Re: IDS question

From: Kenneth Whistler (kenw@sybase.com)
Date: Mon Apr 30 2001 - 14:33:38 EDT


Thomas Chan asked:

> I've recently been using Ideographic Description Sequences to describe
> some Han characters that are not in Unicode 3.1, and I noticed that
> U+3007 is not included in the set of "UnifiedIdeographs", despite having
> the "ideographic" property (TUS3.0, p. 269; UAX #27, section 10.1). I
> understand that compatibility ideographs are not allowed to participate
> in IDS, but U+3007 doesn't have a clone, as far as I know.

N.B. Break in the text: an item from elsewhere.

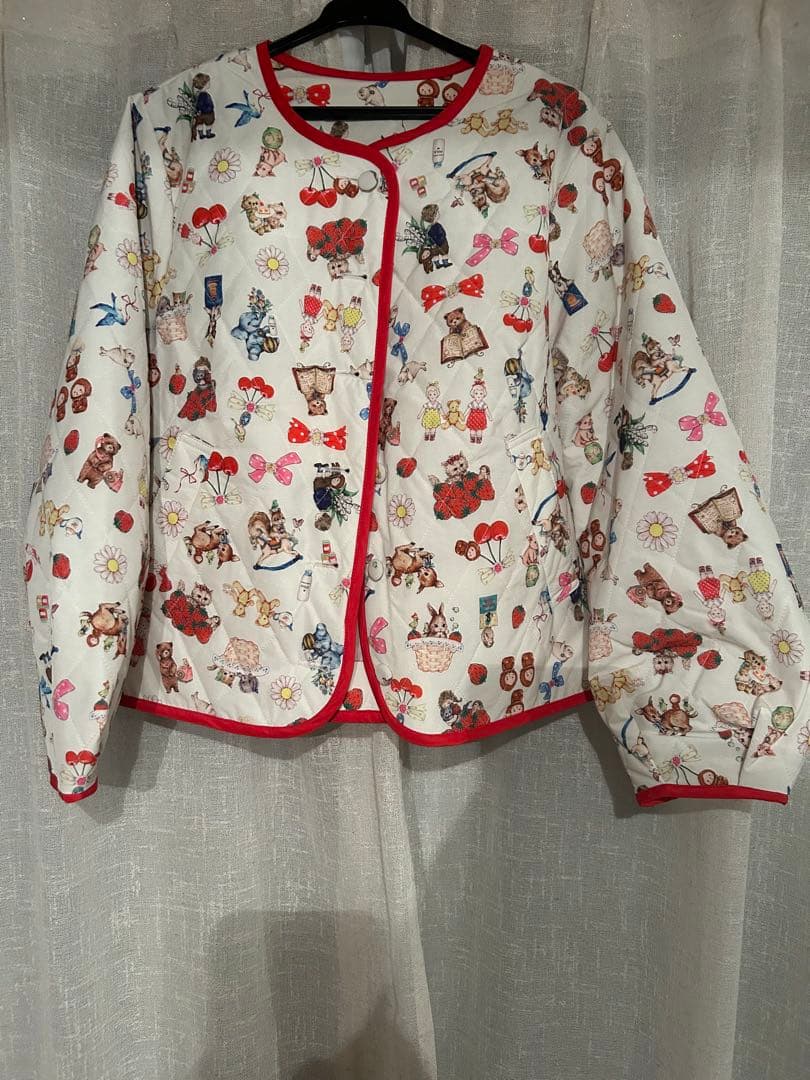 ユキエモン　ジャケット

It was never considered to be part of the set of characters being
dealt with by the IRG for unification, as far as I know. Instead, it
was just treated as one more of the symbols that was mapped out of
the various East Asian character standards. There apparently never was
any unification issue for it, since no one would have encoded it twice
in a legacy character set, and there are no traditional variations in
its shape.

>
> There are some characters in LENG Yulong and WEI Yixin's _Zhonghua Zihai_
> dictionary (Beijing: Zhonghua, 1994), such as gu2 on p. 31 and lin2 on p.
> 32 that incorporate a circular component. I'd probably describe them as:
>
> gu2, p. 31:
> U+2FFB IDEOGRAPHIC DESCRIPTION CHARACTER OVERLAID
> U+5341 (shi 'ten')
> U+3007 (ling 'zero')
>

>
> However, those aren't valid sequences. I realize the above two characters
> are rather odd, but the likes of U+3AB3 and U+3AC8 would have faced the
> same problem, since they also incorporate a circular component.

There are other characters that might be difficult to describe using
IDS. Many of the oddballs in Extension B could fall into this category.
Just on the first chart, 20008, 20067, 20069, 20073, and so on might be
hard to describe in terms of the IDC's, because of their odd pieces.
Also, the use of IDC's was originally envisioned to include also a
large number of "components", to complement the already encoded
radicals, so that the common pattern of sticking a radical onto a
component could be simply described in those instances where the
component itself does not constitute a stand-alone character. Don't
be surprised if China yet decides to submit hundreds of components for
encoding, just to cover this kind of situation.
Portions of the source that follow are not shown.